If your cipher is using padding (i.e. is not in a streamed mode such as CFB, OFB, CTR or CTS), then it may be able to tell just by looking at the encrypted data's size. For instance if it is 24 bytes (192 bits), then it could be Blowfish (because it has a block size of 64 bits, and 192 is divisible by 64), and it cannot be AES because 192 cannot be divided by 128 (AES's block size). But since most block sizes are multiples of one another, this will probably not be very helpful, but it can be used to narrow the choice down sometimes.

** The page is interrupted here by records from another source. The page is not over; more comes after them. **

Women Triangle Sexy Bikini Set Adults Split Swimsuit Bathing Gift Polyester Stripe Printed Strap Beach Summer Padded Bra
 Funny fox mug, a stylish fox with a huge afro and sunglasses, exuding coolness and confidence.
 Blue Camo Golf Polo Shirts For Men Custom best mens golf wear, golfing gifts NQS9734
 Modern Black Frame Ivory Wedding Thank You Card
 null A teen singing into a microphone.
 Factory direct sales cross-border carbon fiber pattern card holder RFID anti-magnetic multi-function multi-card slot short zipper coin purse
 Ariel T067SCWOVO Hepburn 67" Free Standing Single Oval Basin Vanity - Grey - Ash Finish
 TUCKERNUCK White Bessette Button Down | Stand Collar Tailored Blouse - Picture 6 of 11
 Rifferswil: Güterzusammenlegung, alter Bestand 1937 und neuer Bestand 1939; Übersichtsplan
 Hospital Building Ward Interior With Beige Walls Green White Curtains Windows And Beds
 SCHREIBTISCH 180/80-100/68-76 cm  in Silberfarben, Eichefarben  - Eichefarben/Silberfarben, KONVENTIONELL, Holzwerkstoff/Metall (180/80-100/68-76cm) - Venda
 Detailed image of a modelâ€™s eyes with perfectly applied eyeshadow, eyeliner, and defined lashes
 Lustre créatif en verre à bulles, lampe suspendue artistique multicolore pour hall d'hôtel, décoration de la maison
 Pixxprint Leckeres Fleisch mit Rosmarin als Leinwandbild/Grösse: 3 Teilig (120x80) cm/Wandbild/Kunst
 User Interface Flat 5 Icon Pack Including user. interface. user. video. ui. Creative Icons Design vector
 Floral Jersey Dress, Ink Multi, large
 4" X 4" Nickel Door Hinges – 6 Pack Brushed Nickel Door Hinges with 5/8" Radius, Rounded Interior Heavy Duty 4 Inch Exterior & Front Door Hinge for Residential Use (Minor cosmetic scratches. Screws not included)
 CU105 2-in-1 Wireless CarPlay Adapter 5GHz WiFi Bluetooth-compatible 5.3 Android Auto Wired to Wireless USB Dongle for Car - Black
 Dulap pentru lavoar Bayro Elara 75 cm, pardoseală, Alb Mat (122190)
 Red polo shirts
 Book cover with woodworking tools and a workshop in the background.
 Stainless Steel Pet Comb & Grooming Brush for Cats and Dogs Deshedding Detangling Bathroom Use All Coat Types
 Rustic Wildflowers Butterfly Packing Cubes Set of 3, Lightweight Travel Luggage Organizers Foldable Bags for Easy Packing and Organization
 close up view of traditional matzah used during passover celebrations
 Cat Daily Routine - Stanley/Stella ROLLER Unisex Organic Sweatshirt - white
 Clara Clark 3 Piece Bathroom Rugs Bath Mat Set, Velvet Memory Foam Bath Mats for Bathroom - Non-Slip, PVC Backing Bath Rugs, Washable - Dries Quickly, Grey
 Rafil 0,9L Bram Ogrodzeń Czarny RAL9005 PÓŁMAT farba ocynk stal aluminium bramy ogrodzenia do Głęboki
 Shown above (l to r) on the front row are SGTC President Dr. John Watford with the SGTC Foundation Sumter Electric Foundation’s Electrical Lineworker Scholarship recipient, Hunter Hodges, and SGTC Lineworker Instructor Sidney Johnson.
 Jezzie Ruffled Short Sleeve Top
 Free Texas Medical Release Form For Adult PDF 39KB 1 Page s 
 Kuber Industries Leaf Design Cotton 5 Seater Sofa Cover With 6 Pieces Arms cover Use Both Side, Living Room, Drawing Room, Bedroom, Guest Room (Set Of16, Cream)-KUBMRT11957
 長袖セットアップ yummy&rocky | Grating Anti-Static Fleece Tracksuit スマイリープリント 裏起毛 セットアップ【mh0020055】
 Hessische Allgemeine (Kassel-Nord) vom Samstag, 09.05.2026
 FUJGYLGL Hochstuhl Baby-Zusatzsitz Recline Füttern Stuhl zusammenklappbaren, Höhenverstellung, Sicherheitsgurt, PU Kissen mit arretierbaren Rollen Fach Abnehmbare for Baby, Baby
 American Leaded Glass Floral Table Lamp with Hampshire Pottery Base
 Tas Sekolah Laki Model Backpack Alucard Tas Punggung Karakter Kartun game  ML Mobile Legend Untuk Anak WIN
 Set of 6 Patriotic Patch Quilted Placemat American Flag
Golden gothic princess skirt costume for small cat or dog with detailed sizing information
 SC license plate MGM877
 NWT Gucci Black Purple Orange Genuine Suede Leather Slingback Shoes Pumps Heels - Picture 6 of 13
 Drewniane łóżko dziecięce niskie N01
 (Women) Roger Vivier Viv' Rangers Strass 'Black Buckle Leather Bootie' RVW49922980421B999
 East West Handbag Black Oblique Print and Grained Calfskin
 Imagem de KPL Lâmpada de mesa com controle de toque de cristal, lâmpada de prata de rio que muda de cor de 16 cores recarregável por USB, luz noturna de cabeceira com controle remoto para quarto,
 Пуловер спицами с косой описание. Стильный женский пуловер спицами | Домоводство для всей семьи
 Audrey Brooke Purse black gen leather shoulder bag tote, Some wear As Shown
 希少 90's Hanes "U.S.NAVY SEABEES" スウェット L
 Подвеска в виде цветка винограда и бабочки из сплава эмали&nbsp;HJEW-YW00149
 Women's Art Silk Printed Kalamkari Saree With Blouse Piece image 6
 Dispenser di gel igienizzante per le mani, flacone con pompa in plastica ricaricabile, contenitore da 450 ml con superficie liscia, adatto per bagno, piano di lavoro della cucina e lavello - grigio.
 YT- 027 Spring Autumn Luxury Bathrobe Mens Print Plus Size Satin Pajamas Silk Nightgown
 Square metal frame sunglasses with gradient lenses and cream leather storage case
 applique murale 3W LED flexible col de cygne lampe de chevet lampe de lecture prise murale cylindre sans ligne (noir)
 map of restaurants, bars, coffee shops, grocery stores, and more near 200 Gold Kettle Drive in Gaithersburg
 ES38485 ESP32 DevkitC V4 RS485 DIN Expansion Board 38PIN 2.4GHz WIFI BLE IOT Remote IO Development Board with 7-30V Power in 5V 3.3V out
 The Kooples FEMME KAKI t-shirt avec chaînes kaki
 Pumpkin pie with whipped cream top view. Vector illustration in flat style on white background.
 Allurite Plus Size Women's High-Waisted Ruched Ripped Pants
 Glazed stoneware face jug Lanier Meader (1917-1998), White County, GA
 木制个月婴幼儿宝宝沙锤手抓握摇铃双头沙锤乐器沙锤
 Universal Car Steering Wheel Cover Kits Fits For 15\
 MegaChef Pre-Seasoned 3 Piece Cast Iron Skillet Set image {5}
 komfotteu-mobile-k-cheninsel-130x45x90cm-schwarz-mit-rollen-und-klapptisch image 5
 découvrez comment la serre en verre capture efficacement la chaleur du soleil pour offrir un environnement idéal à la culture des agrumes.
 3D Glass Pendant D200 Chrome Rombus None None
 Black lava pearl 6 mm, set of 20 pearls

If the above method failed, then it is computationally infeasible to distinguish data decrypted with the wrong key with the correct cipher and data decrypted with the correct key with the wrong cipher. They both produce random data. (this can be formalized assuming the cipher is a random permutation). This is unless the cipher has big weaknesses, of course, which is probably not the case if it is included in OpenSSL (except the old export-safe ones like 40-bit rc4).
So the only way is to try all the possible ciphers the data could have been encrypted with (there are an infinite number of potential ciphers, but only a few are actually used in the world). You could always whip up a script to automate it.
Of course, you can store the cipher used to encrypt the file next to it (or within it), like a byte that takes a different value for each cipher. If the key is kept secret, this presents no security risk (modern ciphers are designed to rely completely on the key - see Kerckhoffs's Principle).